Mirotic’s tire treads have somehow gripped onto that very rare, fast, lubricated track toward Euroleague greatness, to the point where even leveling off at really good would be viewed as a huge disappointment. Most valuable prospect, no more; it’s MVP time for Mirotic, who was a consensus preseason All-Euroleaguer over at Euroleague Adventures.
Coming into this week he’d been good, but not necessarily better.
But before harping on the stagnation in the scoring department between last year and this, remember that the Euroleague is a competition dominated by grown men. Registering double figures at his age is uncommon; doing it for a Real Madrid team loaded with Europe’s elite— Rudy Fernandez, Jaycee Carroll, Sergio Llull, Marcus Slaughter and old man Felipe Reyes—is exceptional.
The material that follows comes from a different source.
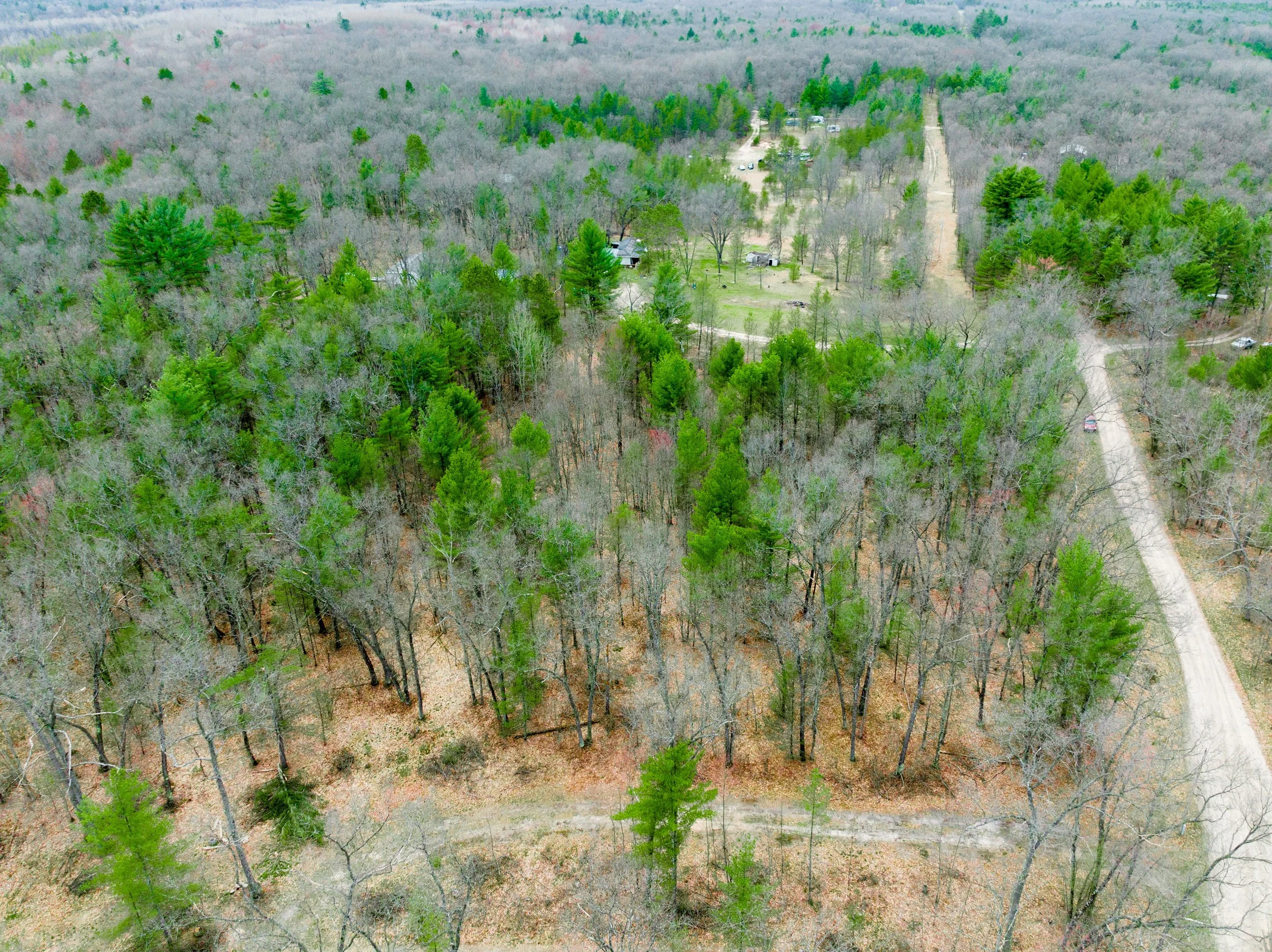 DJI_0470.jpg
Consider this: among those 22-and-unders eligible for this year’s Rising Star Award, Mirotic is one of just four that currently rank among the Euroleague’s top 70 scorers.
Guard Jaka Blazic is scoring 11.8 for Union Olimpija (36th), Knick-turned-Blazer Kostas Papanikolaou is averaging 10.6 for defending champs Olympiacos (48th), and Partizan’s Leo Westermann comes in 70th in points per game with 9.9.
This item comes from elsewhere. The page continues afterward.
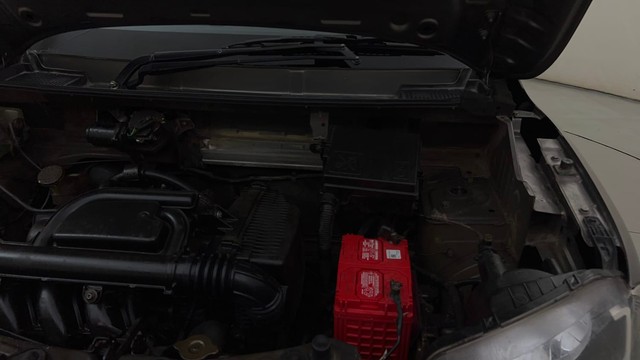 Second-hand 2016 Renault KWID RXT for sale in Mysore-28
Mirotic’s 12.4 ppg has him sandwiched right between the überquick Bo McCalebb and Russian Olympic hero Vitaly Fridzon at 30th.
Pretty decent company for a man who only recently could have legally enjoyed a Nisicko Tamno on U.S. soil. (Google tells me Nisicko Tamno is one of Montenegro’s more popular brews.)
As AJ Mitnick has trumpeted on this very site, judging a Euroleaguer—especially a young one—by his numbers alone is risky, and won’t often be a reliable gauge for his prospects as an NBA contributor.
Ricky Rubio only reached double digits in assists twice in 63 Euroleague games. In 41 games as an NBA rookie, he did it 14 times. Every example won’t be that extreme, but it’s safe to say Minnesota fans and NBA skeptics alike forgot all about his underwhelming Euroleague stat line by the time he’d recorded his first handful of double-doubles.
But much like Rubio, fans in Chicago will have to wait to enjoy Mirotic’s mastery. His contract with Madrid runs through the end of the 2015-16 season, and Real Madrid would rather collect a Euroleague title or two than the two million Euro buyout owed to the Spanish club in the event of Mirotic’s departure.
The shifty Spanish shooting guard and Houston Rockets asset will be 30 by the time the deal runs out, giving he and Mirotic another three seasons—and possibly longer—to scorch both the Euroleague and the ACB (or Liga Endesa, or Spanish League, or…no, just those three).
And last season, Mirotic started to heat up right as the shadows subdued Madrid’s Gran Via into a collective shiver. Mirotic’s December numbers from last season: 18.5 points, 6.5 rebounds and 62 percent on his threes.
It was good enough to earn him monthly MVP honors, and take him from rising to star.
Will this December be the month he puts a super- in front?
A Handful of Top 16 Tickets
Unicaja Malaga, Barcelona Regal, CSKA Moscow, Zalgiris Kaunas and Besiktas JK Istanbul have all stamped theirs, while 11 are still up for grabs.